勝地 そうですね。小学校の学芸会で主役を演じたりしていました。

――当時は、どんなドラマや映画を観ていましたか?

勝地 野島伸司さんのドラマが好きでした。中でも「人間失格(人間・失格〜たとえばぼくが死んだら)」は、大好きなKinKi Kidsさんが出ていて、サイモン&ガーファンクルの音楽も良くて、カッコよさに痺れました。奥菜恵さん、永作博美さん、KinKi Kidsさんなど、野島伸司さんのドラマに出演している方々に憧れていましたし、今でも憧れです。

――事務所に入られてから、お芝居への意識は変わりましたか?

勝地 僕はラッキーで、デビューしてすぐに良い監督さんにお会いすることができたんです。「永遠の仔」というドラマで出会った、鶴橋(康夫)監督です。児童虐待を受けて児童養護施設で育った子ども達が、将来再会するという話で、僕は虐待を受けた主人公の子ども時代の役を演じました。

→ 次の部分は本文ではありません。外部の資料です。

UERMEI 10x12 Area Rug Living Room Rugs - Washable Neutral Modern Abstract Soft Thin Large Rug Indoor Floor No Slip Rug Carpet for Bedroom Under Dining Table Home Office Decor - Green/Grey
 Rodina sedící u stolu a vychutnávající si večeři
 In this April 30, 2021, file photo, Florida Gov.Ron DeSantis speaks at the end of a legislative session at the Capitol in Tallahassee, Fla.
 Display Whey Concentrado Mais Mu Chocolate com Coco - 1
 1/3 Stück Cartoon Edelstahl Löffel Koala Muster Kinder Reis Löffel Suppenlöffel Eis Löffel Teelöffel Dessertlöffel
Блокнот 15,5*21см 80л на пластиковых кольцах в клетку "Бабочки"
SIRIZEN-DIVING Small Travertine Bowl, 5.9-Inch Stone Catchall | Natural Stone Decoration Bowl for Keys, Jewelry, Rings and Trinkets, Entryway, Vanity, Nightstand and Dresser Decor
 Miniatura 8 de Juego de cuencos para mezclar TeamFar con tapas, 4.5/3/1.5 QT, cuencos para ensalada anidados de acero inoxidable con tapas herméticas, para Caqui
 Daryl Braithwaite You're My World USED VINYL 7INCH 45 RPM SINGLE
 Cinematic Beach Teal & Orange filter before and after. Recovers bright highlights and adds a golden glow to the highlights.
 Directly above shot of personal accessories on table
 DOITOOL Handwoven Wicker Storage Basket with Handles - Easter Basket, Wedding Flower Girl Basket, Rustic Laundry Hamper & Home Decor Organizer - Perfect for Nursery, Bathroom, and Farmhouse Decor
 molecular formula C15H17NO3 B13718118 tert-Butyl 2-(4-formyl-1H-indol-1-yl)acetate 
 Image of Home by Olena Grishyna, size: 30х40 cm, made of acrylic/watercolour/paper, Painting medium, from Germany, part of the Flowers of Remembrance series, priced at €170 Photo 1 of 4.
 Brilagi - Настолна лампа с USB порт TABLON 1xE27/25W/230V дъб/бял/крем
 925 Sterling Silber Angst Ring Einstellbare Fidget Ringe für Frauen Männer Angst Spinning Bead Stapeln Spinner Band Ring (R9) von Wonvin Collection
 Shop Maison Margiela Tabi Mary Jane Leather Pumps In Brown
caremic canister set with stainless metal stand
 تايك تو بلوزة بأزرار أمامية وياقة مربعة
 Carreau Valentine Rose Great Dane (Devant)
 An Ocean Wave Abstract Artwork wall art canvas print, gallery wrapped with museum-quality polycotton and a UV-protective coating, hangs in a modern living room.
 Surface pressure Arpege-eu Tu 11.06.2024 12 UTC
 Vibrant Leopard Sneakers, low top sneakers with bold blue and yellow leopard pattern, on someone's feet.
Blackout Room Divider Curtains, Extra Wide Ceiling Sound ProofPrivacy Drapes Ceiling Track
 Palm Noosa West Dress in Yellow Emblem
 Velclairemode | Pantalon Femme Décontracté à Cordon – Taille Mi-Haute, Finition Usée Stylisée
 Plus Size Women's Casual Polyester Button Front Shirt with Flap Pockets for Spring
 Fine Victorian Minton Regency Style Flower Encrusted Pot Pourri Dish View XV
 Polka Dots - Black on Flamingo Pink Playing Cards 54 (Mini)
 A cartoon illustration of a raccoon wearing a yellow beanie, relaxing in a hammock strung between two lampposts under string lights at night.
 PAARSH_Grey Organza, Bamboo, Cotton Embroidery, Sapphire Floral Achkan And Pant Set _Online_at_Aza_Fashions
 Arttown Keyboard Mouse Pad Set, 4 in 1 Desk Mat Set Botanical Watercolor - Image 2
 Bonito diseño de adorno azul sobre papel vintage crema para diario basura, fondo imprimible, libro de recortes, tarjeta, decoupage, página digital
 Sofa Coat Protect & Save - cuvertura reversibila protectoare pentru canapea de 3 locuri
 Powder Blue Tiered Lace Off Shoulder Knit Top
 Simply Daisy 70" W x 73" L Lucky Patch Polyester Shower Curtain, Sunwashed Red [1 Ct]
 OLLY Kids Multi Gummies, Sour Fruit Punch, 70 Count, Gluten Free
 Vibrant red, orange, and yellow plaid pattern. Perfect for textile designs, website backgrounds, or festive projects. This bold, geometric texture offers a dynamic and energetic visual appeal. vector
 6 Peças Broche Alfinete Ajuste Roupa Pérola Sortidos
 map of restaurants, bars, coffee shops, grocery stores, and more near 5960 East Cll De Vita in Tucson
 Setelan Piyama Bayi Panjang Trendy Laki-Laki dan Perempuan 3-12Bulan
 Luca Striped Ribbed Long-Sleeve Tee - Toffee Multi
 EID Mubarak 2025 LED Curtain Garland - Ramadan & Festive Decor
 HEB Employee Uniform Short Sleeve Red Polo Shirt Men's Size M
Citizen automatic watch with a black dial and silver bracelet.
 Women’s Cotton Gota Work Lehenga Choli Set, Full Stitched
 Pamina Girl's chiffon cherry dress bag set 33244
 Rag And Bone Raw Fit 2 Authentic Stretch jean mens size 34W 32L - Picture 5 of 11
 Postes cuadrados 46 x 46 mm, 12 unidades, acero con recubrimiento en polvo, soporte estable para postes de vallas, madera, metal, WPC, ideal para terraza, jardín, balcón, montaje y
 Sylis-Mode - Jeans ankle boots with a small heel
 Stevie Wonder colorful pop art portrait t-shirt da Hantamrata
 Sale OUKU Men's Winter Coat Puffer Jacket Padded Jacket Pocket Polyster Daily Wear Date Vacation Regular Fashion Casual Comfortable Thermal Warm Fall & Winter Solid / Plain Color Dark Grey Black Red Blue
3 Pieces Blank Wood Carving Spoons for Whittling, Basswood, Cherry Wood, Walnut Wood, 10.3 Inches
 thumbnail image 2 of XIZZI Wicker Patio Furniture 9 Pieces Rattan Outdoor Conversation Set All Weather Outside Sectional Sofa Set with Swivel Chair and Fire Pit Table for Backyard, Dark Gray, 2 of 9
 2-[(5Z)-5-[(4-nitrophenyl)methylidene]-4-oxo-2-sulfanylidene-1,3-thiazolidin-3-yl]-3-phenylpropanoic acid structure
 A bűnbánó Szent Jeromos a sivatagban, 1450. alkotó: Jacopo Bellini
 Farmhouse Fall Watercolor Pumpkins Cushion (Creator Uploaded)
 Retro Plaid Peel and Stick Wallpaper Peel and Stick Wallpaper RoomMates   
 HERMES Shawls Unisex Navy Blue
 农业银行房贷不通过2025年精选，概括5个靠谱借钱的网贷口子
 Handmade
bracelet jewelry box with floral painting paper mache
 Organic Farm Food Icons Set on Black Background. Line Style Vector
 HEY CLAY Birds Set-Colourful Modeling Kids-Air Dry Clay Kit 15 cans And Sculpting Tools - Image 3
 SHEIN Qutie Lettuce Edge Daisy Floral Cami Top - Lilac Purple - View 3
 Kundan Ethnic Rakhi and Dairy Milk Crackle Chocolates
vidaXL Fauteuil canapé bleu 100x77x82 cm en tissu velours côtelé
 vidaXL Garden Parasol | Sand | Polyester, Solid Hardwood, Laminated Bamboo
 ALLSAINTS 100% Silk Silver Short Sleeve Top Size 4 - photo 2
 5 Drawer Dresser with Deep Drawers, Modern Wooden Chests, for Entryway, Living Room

監督は子どもの撮影に時間をかけてくださって、撮影前に景色を見ながら僕と(浅利)陽介、邑野未亜さんに向かって「君ならこんなことをされてどう思う?」と尋ね、子ども達に考えさせることで、「お芝居は、自分と比べてみたり、気持ちを考えること」だと教えてくださったんです。

――中学時代は仕事と学業の両立はどうしていましたか?

勝地 学校に行くのが億劫な日もあってぎりぎりの毎日でした。家にいると親に「学生なんだから、学校に行け」と怒られて、仕方なく学校に向かったけど、横道に逸れて知らない人の家の前で寝てしまったこともありました(笑)。ご厚意でその人の家で寝かせていただき、起きたら紅茶も出してもらって。「何で学校に行きたくないの?」と聞かれ「僕はこういう仕事をしているので、帰りが夜遅くなったりすることがあって、眠くて寝てしまったんです」みたいな話をしました(笑)。後々、その方から事務所宛に「成長してる姿をテレビで観れてうれしい」と書いたお手紙をいただきました (笑)。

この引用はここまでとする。